On a recent tour, he stood in the same spot and eagerly talked of all the activities the now-completed hallway will soon host, natural light flooding in from skylights in the roof and giant windows on each end, the floor being laid in the gym on one side while acoustic tiles were hung in the auditorium on the other, and the distant vision now very real with contractors closing in on 90 percent completion of the area's newest high school.

"There will be an LCD screen above the ticket booth showing upcoming events," Costello said. There are small spaces along the walls that can be used as shops, grab and go food stations, and a radio station that the district will be able to stream live on line.

Floors are being poured and polished, and many rooms are ready for furniture. He walked past the different sections to be dedicated to specific "Academies:" The existing Creative And Performing Arts Academy will have multiple rooms in an area behind the ample stage of the auditorium, the STEM Academy rooms further back will have the latest computer and 3D printing equipment, and the new space for the new Business Academy will have a stock market "ticker" board akin to those in the business schools of both King's College and Wilkes University.
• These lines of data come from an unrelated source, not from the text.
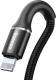 Kabel USB Baseus Halo Data Cable Podświetlany Nylonowy Kabel Przewód Usb Lightning Z Diodą Led 2.4a 0.5m Czarny (calgh-a01) 1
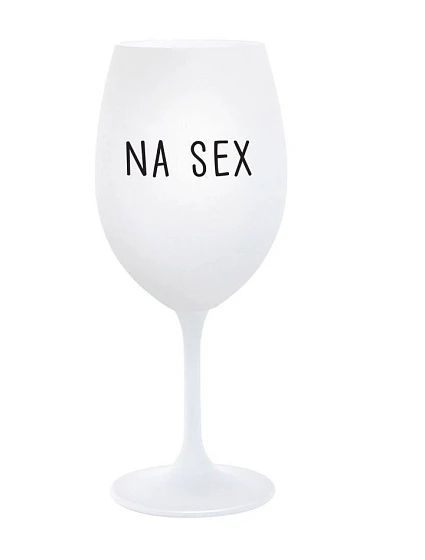 NA SEX - bílá sklenice na víno 350 ml NA SEX - bílá sklenice na víno 350 ml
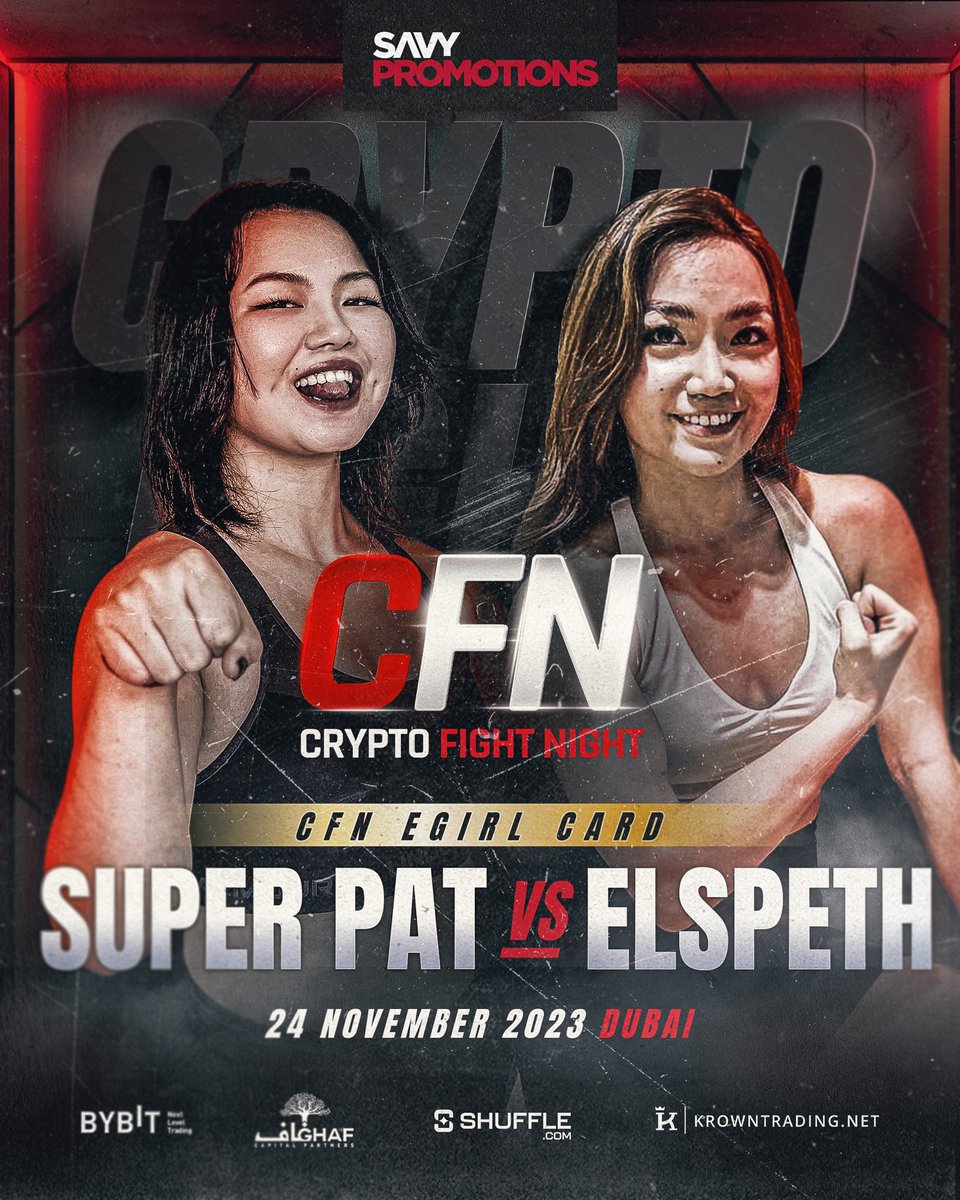 FIRST EVER E-GIRL FIGHT! 🚨 @0xsuperpat 🆚 @SnorlexZZZ Both fighters will  be making their promotional debut on November 24th in a fight that is sure  to be full of entertainment! Stay tuned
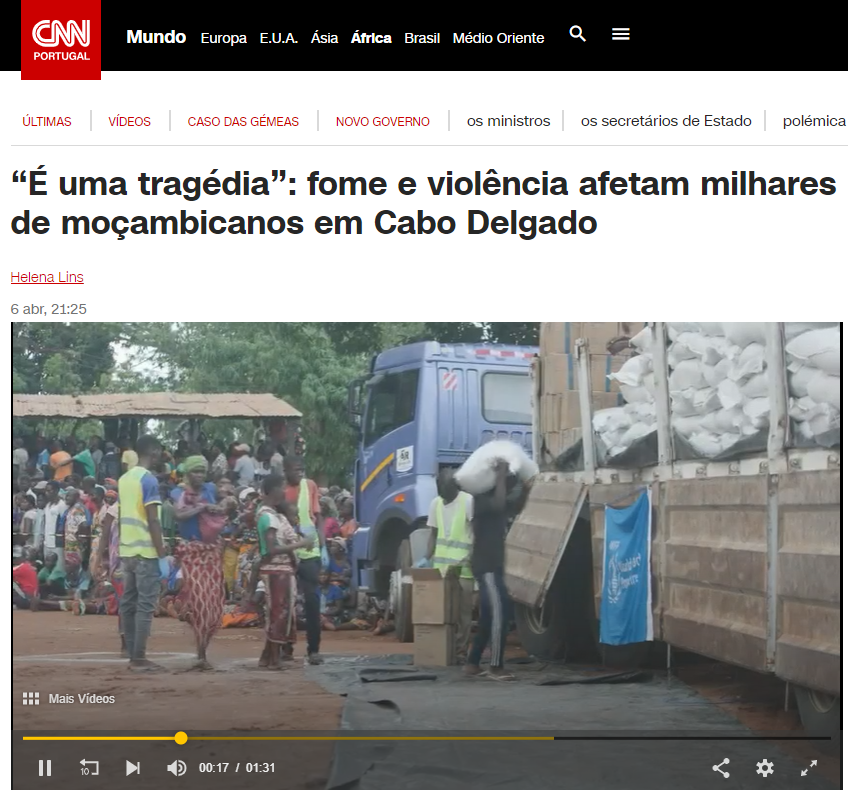 🚨@WFP sounds the alarm: insufficient resources to support thousands of Mozambicans fleeing the recent surge of violence in #CaboDelgado. 📺Get the full story on @cnnportugal: tinyurl.com/4ut89792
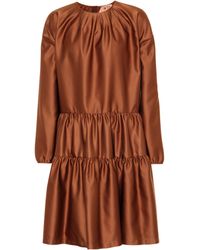 N°21 Midikleid aus Satin - Braun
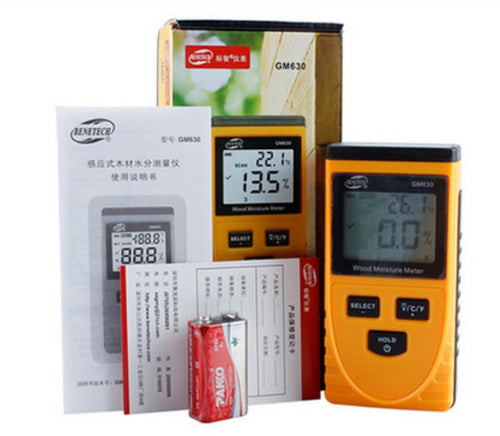 100% original Digital Wood Moisture Meter Temperature Humidity Tester Induction Moisture Tester LCD Display Hygrometer GM630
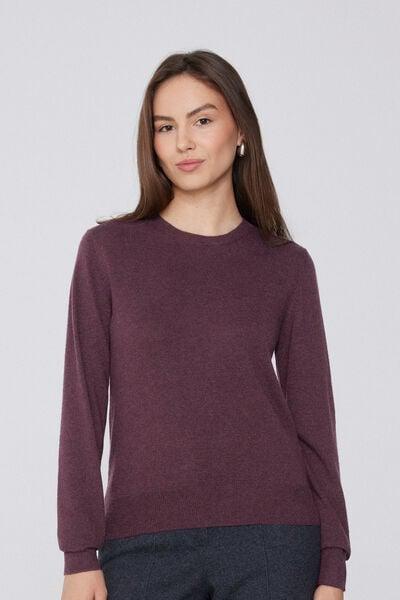 Violet Long Sleeve Round-Neckline Heavy Wool Sweater, 5701_919Y, large image number 1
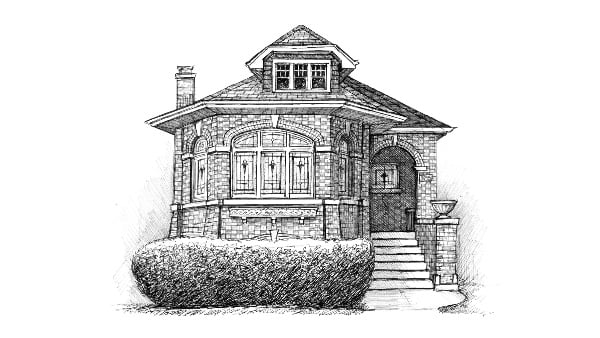 An illustration of a Chicago bungalow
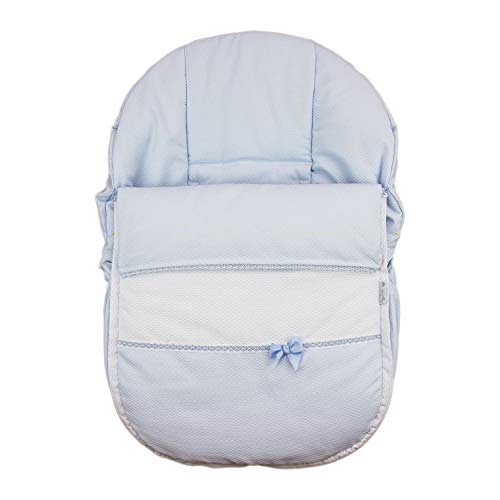 Funda + Saco Universal para Silla de coche GRUPO 0 Rosy Fuentes - Saco para Silla de Bebé Grupo 0 - Equipado para ser Ajustado perfectamente 0-celeste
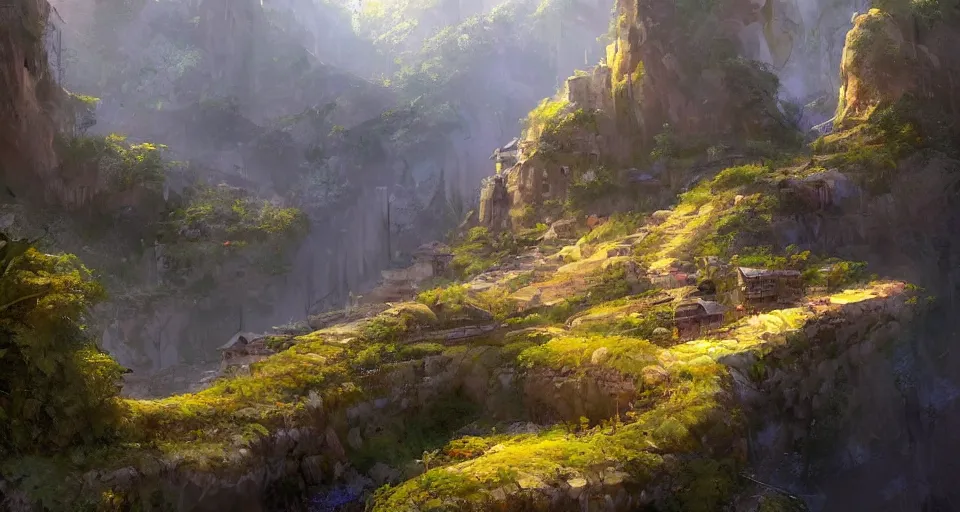 Prompt: natural beauty village on a mountain slope next to a river bay, realistic concept art, eytan zana, one pixel brush, illustrated by malcolm barter, lavander and yellow color scheme, dramatic lighting, concept art, trending on artstation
"Main Street" is wide enough and central enough to also put some dining tables outside the large cafeteria, which can open to an outdoor patio for warm weather.

As promised, some space is set aside for a "heritage room" that will house items from the three high schools — Meyers, Coughlin and GAR Memorial — merging into the new building. The area includes a conference room so organizations using the facility can meet amid the memorabilia.

The building sports small collaboration rooms that will be separated with large glass panes students can write and draw on with erasable markers, similar to rooms seen in college science centers.

The building will offer small learning centers, flex space at the ends of each classroom wing with vistas of the valley looking north, and several larger group instruction rooms. Even the classrooms themselves will invite collaboration, with each student having a laptop that can share its screen with the large computerized white boars on the walls.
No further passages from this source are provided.